#### Your instructions
Within the entries below, find the portion that opens with the line containing "Strait of Hormuz" and closes with the line containing "520 Brickell Key Dr A913, Miami, FL 33131". Retype that portion exactly and only.

#### Raw data
== Segment start ==

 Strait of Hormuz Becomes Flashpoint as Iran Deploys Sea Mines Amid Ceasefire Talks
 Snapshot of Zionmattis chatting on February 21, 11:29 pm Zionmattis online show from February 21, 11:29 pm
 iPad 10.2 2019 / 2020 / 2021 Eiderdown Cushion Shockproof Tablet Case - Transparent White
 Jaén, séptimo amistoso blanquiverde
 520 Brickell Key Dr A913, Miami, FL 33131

== Segment end ==
== Segment start ==

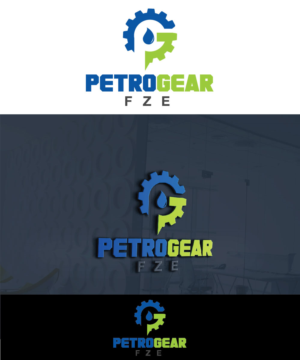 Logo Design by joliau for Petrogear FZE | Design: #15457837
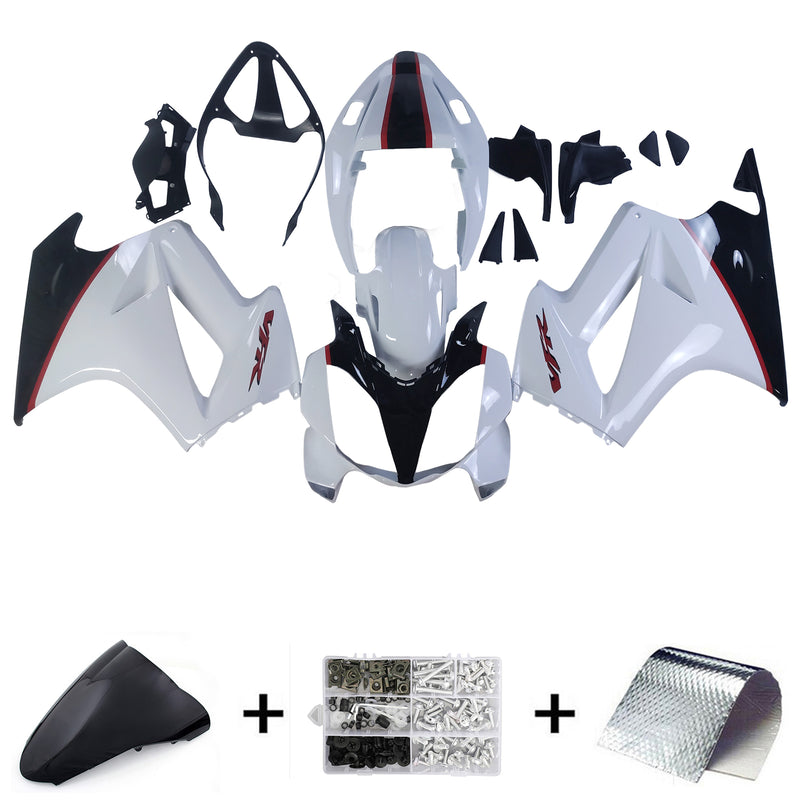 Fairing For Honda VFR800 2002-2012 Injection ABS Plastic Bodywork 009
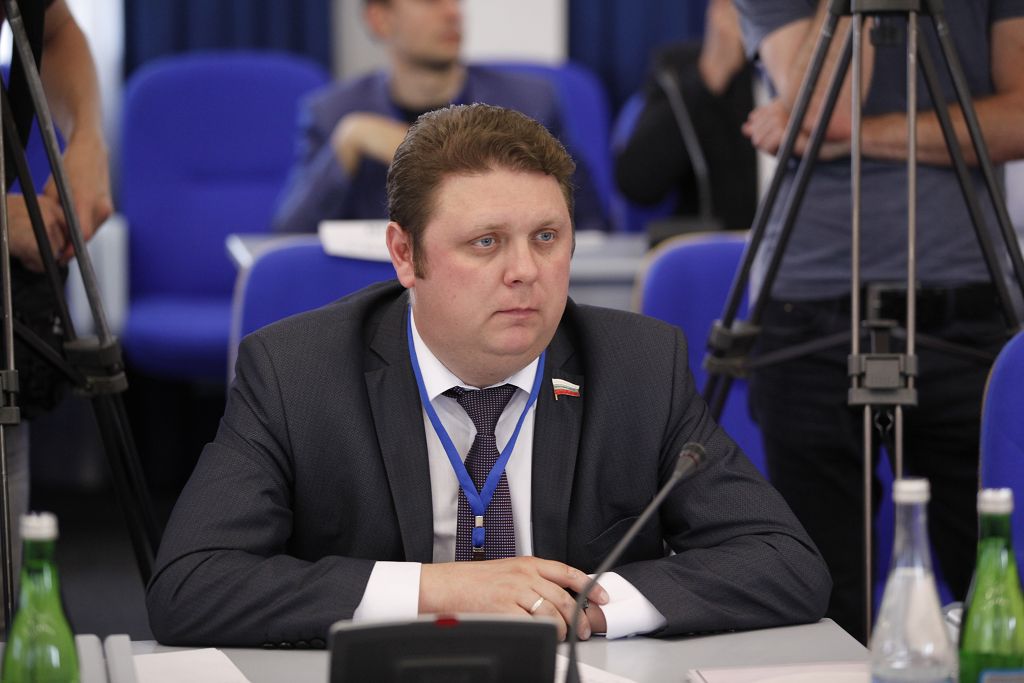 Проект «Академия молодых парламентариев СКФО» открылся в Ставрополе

== Segment end ==
== Segment start ==

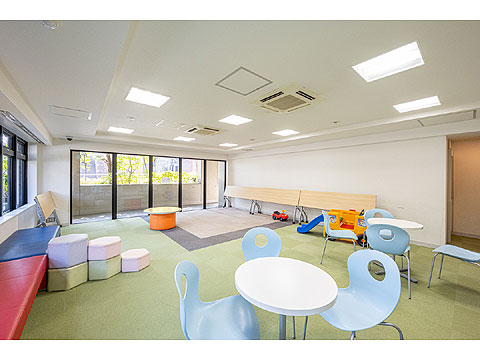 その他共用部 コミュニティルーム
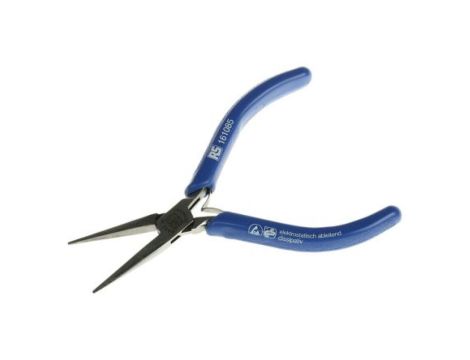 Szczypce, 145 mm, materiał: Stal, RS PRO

== Segment end ==

#### Answer to the exercise
 Strait of Hormuz Becomes Flashpoint as Iran Deploys Sea Mines Amid Ceasefire Talks
 Snapshot of Zionmattis chatting on February 21, 11:29 pm Zionmattis online show from February 21, 11:29 pm
 iPad 10.2 2019 / 2020 / 2021 Eiderdown Cushion Shockproof Tablet Case - Transparent White
 Jaén, séptimo amistoso blanquiverde
 520 Brickell Key Dr A913, Miami, FL 33131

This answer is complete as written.